> [Recorded data]:

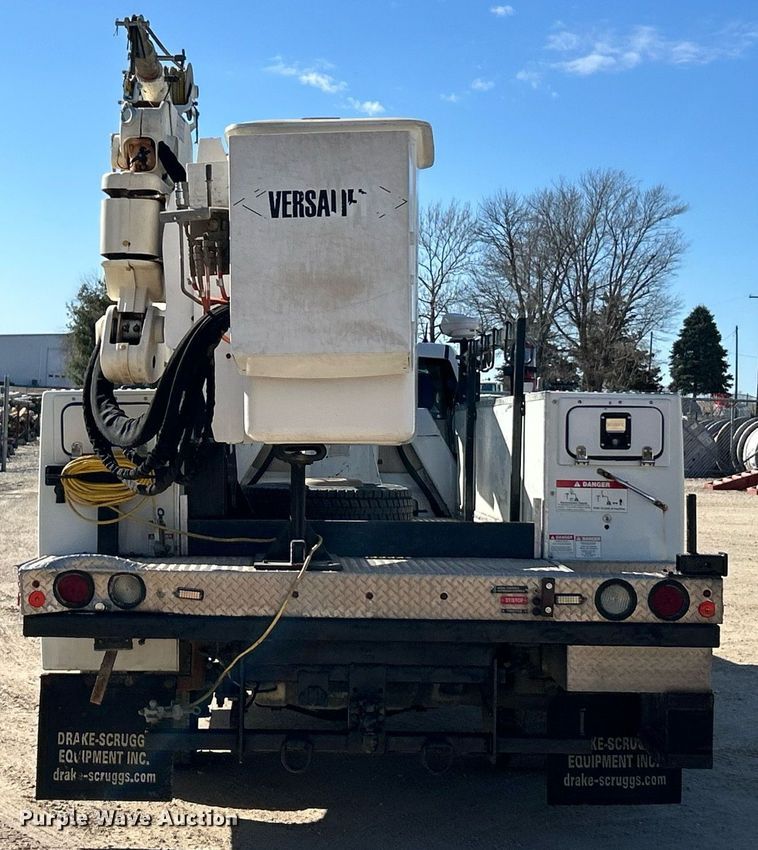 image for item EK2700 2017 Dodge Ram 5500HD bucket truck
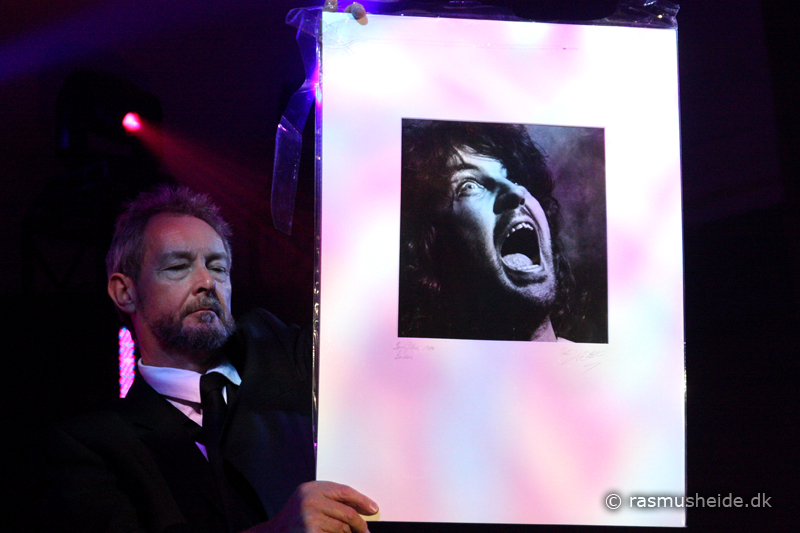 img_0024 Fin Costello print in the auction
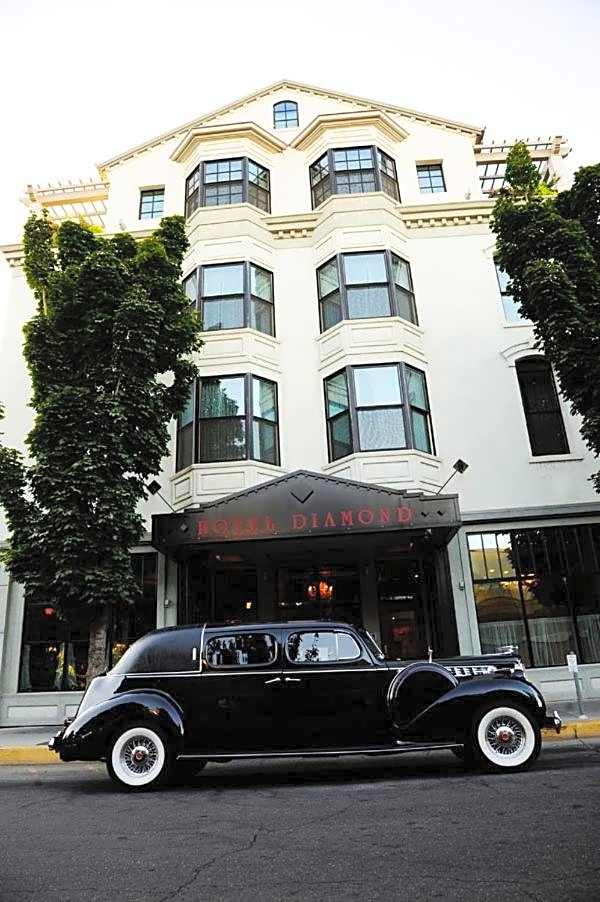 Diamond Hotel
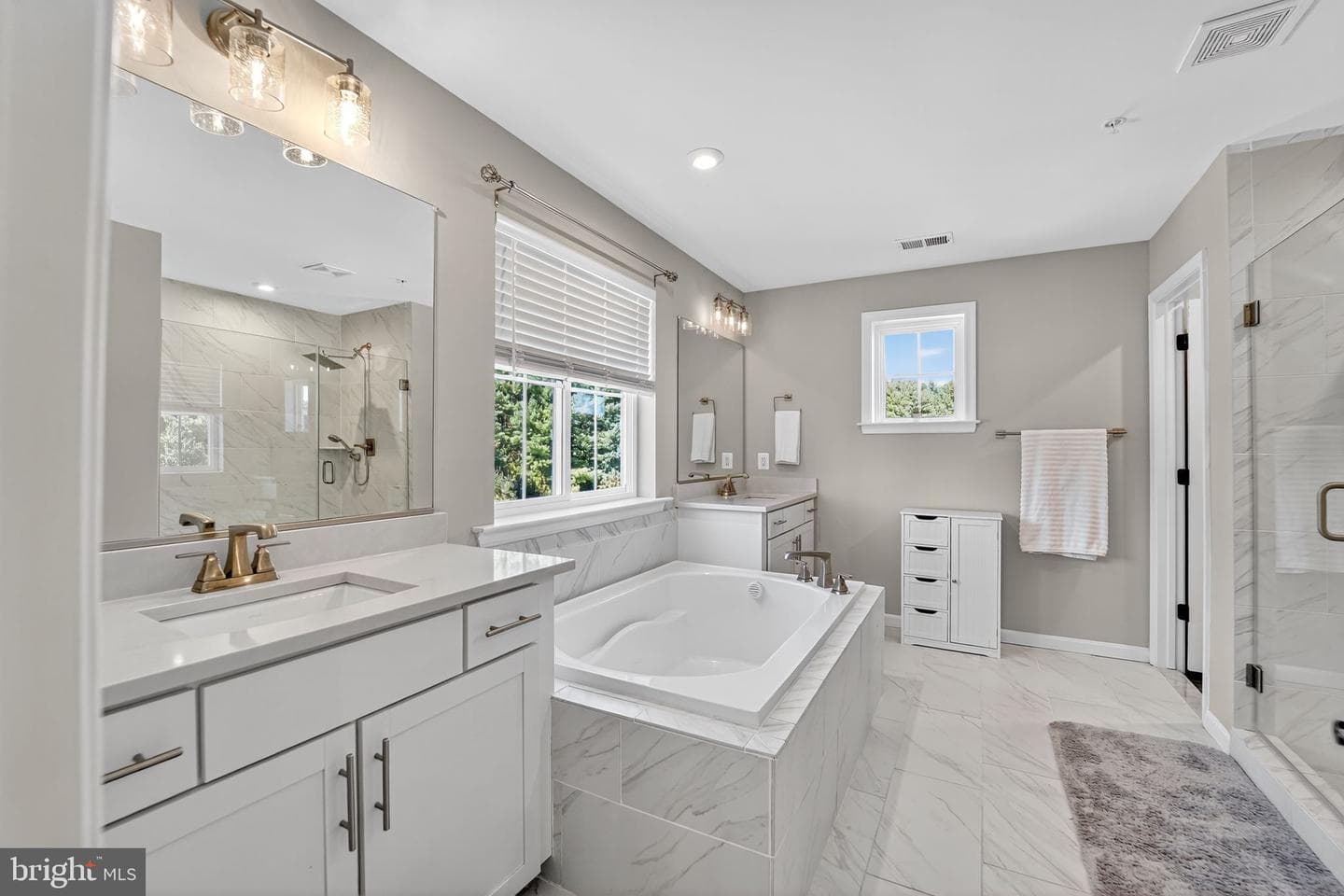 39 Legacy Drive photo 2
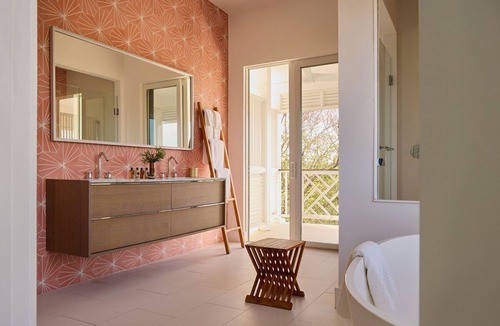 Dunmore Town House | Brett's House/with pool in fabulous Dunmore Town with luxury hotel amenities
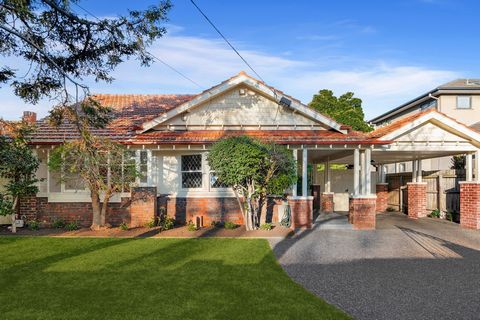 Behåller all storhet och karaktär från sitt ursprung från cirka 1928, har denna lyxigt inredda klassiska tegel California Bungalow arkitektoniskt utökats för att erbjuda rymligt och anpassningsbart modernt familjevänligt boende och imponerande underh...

> [Problem statement]:
Only the lines from the one that holds "Dunmore Town House" through the final line of the material should be reproduced, word for word, with the pictures omitted.

> [Task output]:
 Dunmore Town House | Brett's House/with pool in fabulous Dunmore Town with luxury hotel amenities
 Behåller all storhet och karaktär från sitt ursprung från cirka 1928, har denna lyxigt inredda klassiska tegel California Bungalow arkitektoniskt utökats för att erbjuda rymligt och anpassningsbart modernt familjevänligt boende och imponerande underh...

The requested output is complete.